On Friday 26 August 2011, 19:24:37, Andrew Coppin wrote:
On 26/08/2011 02:40 AM, Daniel Peebles wrote:
And as Daniel mentioned earlier, it's not at all obvious what we mean by "bits used" when it comes to negative numbers.
I guess part of the problem is that the documentation asserts that bitSize will never depend on its argument. (So would will write things like "bitSize undefined :: ThreadID" or similar.)
I don't think that's a problem, it's natural for what bitSize does. And it would be bad if bitSize did something different for Integer than for Int, Word, ...
I can think of several possible results one might want from a bit size query:
Yup, though for some there are better names than bitSize would be.
1. The number of bits of precision which will be kept for values of this type. (For Word16, this is 16. For Integer, this is [almost] infinity.)
Not "almost infinity", what your RAM or Int allow, whichever cops out first, or "enough, unless you [try to] do really extreme stuff".
2. The amount of RAM that this value is using up. (But that would surely be measured in bytes, not bits. And processor registors make the picture more complicated.)
3. The bit count to the most significant bit, ignoring sign.
4. The bit count to the sign bit.
Currently, bitSize implements #1. I'm not especially interested in #2. I would usually want #3 or #4.
I'd usually be more interested in #2 than in #4.
Consider the case of 123 (decimal). The 2s complement representation of +123 is
...0000000000000001111011
The 2s complement representation of -123 is
...1111111111111110000101
For query #3, I would expect both +123 and -123 to yield 7.
One could make a case for the answer 3 for -123, I wouldn't know what to expect without it being stated in the docs.
For query #4, I would expect both to yield 8. (Since if you truncate both of those strings to 8 bits, then the positive value starts with 0, and the negative one start with 1.)

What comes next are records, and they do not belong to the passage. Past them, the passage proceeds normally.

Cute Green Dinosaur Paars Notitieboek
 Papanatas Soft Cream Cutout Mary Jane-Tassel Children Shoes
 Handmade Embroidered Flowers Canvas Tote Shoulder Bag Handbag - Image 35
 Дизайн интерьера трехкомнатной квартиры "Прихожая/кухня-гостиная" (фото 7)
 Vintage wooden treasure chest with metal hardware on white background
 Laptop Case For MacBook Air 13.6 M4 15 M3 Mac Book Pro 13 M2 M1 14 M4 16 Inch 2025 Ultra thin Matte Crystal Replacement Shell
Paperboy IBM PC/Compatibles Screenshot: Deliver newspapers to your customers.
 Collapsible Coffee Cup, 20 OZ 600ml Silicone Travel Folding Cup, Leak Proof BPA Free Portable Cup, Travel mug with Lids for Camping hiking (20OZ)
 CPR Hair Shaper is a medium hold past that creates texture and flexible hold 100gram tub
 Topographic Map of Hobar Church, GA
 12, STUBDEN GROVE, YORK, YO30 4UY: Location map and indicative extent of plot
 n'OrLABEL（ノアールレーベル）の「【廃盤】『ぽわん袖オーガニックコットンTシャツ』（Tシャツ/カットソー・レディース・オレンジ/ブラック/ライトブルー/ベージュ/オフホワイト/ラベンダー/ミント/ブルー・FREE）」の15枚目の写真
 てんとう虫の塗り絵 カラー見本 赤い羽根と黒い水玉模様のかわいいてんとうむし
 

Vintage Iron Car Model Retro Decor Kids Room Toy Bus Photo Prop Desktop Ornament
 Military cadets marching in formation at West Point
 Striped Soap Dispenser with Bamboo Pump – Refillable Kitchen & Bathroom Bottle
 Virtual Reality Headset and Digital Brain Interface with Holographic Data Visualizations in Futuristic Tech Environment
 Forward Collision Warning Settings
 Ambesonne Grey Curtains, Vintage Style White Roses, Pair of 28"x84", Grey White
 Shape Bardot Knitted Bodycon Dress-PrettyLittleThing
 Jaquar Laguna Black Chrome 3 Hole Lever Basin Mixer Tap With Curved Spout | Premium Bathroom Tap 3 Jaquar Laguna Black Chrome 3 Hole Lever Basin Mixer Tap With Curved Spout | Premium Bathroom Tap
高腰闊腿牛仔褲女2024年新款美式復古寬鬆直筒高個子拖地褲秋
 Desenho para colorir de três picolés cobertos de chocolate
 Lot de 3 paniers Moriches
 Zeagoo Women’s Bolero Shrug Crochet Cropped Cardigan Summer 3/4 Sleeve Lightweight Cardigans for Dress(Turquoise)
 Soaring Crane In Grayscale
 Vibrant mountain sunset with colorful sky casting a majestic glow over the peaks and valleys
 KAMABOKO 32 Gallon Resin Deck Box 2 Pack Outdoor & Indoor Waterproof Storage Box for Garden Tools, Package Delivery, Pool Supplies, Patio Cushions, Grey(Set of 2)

#4 would then generally be #3 + 1 for signed types, I think, so not very interesting, but for unsigned types?
Then of course, there's the difference between "count of the bits" and "bit index", which one might expect to be zero-based. (So that the Nth bit represents 2^N.)
Yes, but that shouldn't be a problem with good names. So, which of them are useful and important enough to propose for inclusion?